(Scraped caption text data)

—————

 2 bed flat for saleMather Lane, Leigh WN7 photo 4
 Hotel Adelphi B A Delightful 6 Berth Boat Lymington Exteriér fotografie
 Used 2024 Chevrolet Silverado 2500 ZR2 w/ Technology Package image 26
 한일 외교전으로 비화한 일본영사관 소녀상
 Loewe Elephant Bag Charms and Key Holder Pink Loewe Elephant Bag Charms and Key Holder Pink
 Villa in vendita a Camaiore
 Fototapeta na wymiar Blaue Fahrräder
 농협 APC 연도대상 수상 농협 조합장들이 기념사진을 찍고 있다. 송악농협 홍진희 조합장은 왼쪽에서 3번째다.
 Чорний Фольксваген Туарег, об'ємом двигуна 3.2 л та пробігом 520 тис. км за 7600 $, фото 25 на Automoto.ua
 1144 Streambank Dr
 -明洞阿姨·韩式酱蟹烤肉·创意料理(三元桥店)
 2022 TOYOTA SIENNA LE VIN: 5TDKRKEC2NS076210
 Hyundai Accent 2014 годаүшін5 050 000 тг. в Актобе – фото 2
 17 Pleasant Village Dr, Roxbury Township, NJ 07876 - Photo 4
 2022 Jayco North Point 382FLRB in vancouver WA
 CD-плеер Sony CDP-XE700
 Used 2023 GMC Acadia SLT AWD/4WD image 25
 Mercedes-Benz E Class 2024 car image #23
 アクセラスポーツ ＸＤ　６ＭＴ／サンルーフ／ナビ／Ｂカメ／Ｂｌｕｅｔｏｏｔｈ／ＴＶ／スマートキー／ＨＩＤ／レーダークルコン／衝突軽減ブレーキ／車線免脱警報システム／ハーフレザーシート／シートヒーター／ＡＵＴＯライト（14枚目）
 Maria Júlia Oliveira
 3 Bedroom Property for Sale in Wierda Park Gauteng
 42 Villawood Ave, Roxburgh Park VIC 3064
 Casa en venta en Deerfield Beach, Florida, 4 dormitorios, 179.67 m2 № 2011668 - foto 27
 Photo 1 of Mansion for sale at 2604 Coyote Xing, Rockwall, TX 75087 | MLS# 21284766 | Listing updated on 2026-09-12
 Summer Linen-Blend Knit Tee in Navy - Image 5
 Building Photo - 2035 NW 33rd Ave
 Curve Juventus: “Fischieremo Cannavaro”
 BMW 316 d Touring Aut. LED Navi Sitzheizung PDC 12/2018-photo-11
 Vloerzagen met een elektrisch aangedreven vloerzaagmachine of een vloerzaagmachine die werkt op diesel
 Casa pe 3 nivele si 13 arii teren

—————

### Problem
Out of the data above, give again only the lines starting at the one holding "Casa en venta" and ending at the one holding "BMW 316 d Touring", unchanged.

### Exercise solution
 Casa en venta en Deerfield Beach, Florida, 4 dormitorios, 179.67 m2 № 2011668 - foto 27
 Photo 1 of Mansion for sale at 2604 Coyote Xing, Rockwall, TX 75087 | MLS# 21284766 | Listing updated on 2026-09-12
 Summer Linen-Blend Knit Tee in Navy - Image 5
 Building Photo - 2035 NW 33rd Ave
 Curve Juventus: “Fischieremo Cannavaro”
 BMW 316 d Touring Aut. LED Navi Sitzheizung PDC 12/2018-photo-11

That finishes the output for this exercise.